_Task objective:_ Return the listing exactly, please; no pictures.

_Information supplied:_
= Beginning of Section =
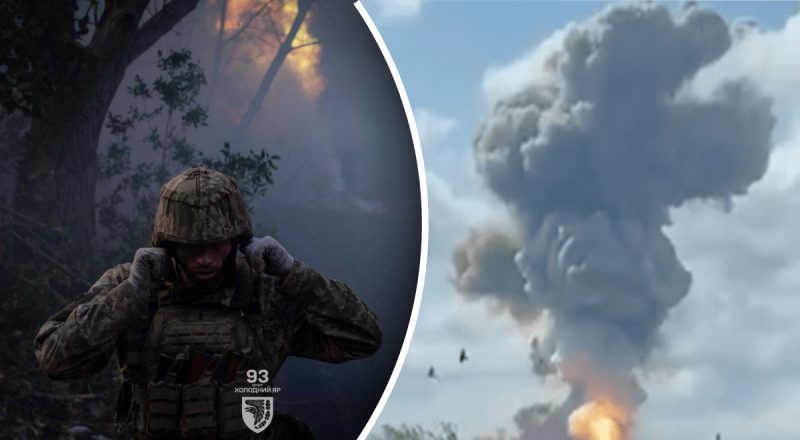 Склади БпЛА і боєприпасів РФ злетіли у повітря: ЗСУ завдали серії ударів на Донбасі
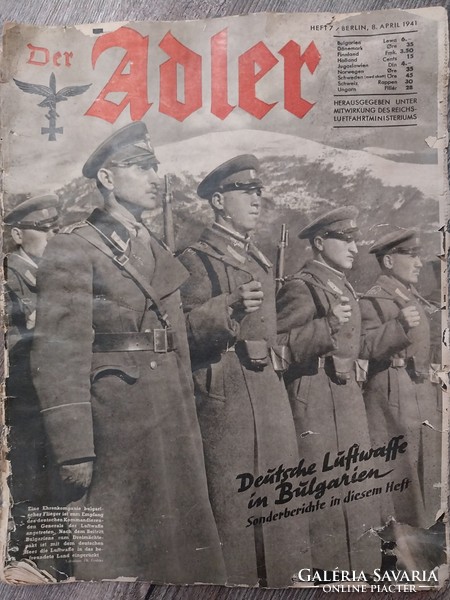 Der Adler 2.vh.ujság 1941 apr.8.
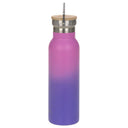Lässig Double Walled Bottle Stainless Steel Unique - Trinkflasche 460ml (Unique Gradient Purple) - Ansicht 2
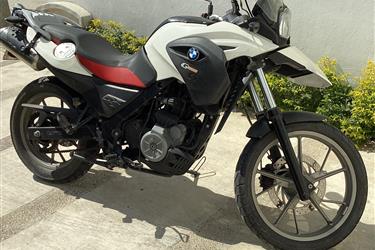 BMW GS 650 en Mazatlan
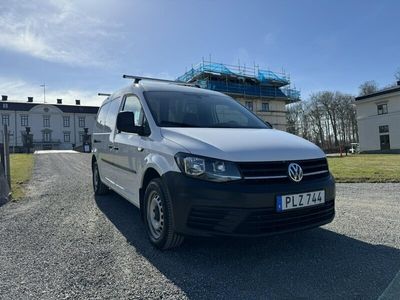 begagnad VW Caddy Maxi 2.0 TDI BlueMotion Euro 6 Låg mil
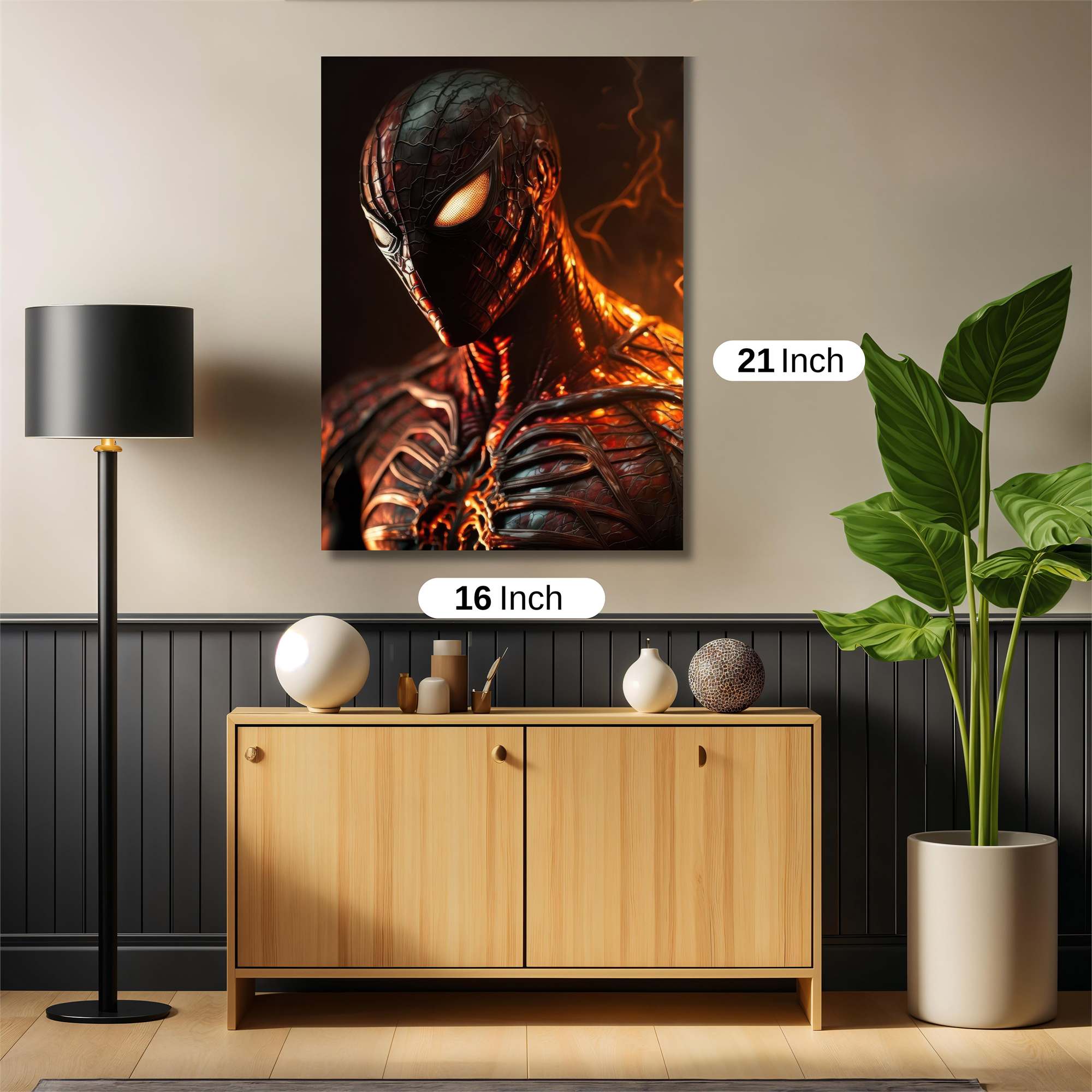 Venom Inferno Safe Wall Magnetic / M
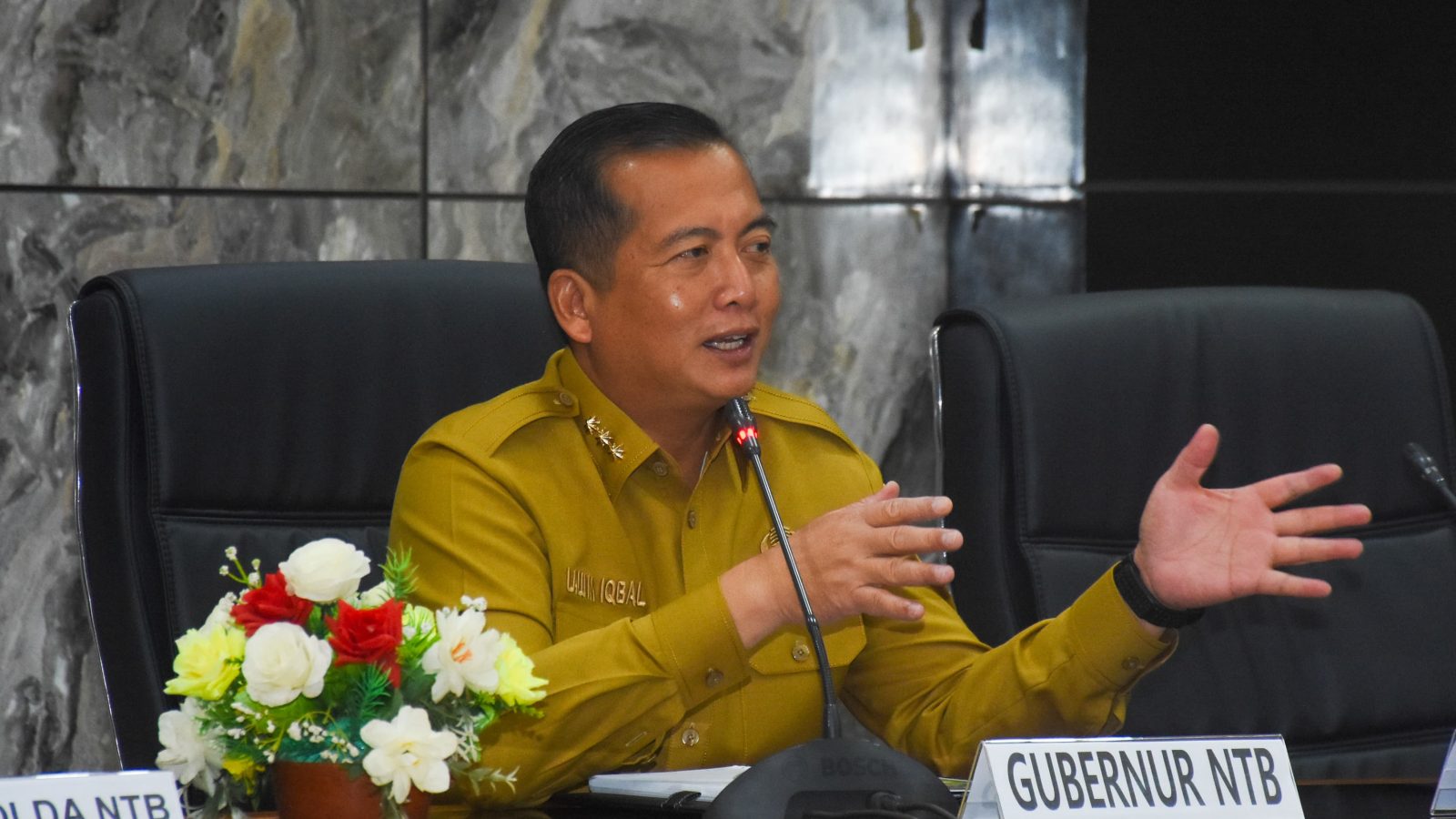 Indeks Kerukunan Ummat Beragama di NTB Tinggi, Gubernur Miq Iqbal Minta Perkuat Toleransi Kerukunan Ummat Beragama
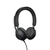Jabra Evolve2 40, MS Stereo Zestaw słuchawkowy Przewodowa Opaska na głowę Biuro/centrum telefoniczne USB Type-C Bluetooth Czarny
= End of Section =
_Written response:_
 Склади БпЛА і боєприпасів РФ злетіли у повітря: ЗСУ завдали серії ударів на Донбасі
 Der Adler 2.vh.ujság 1941 apr.8.
Lässig Double Walled Bottle Stainless Steel Unique - Trinkflasche 460ml (Unique Gradient Purple) - Ansicht 2
 BMW GS 650 en Mazatlan
 begagnad VW Caddy Maxi 2.0 TDI BlueMotion Euro 6 Låg mil
 Venom Inferno Safe Wall Magnetic / M
 Indeks Kerukunan Ummat Beragama di NTB Tinggi, Gubernur Miq Iqbal Minta Perkuat Toleransi Kerukunan Ummat Beragama
Jabra Evolve2 40, MS Stereo Zestaw słuchawkowy Przewodowa Opaska na głowę Biuro/centrum telefoniczne USB Type-C Bluetooth Czarny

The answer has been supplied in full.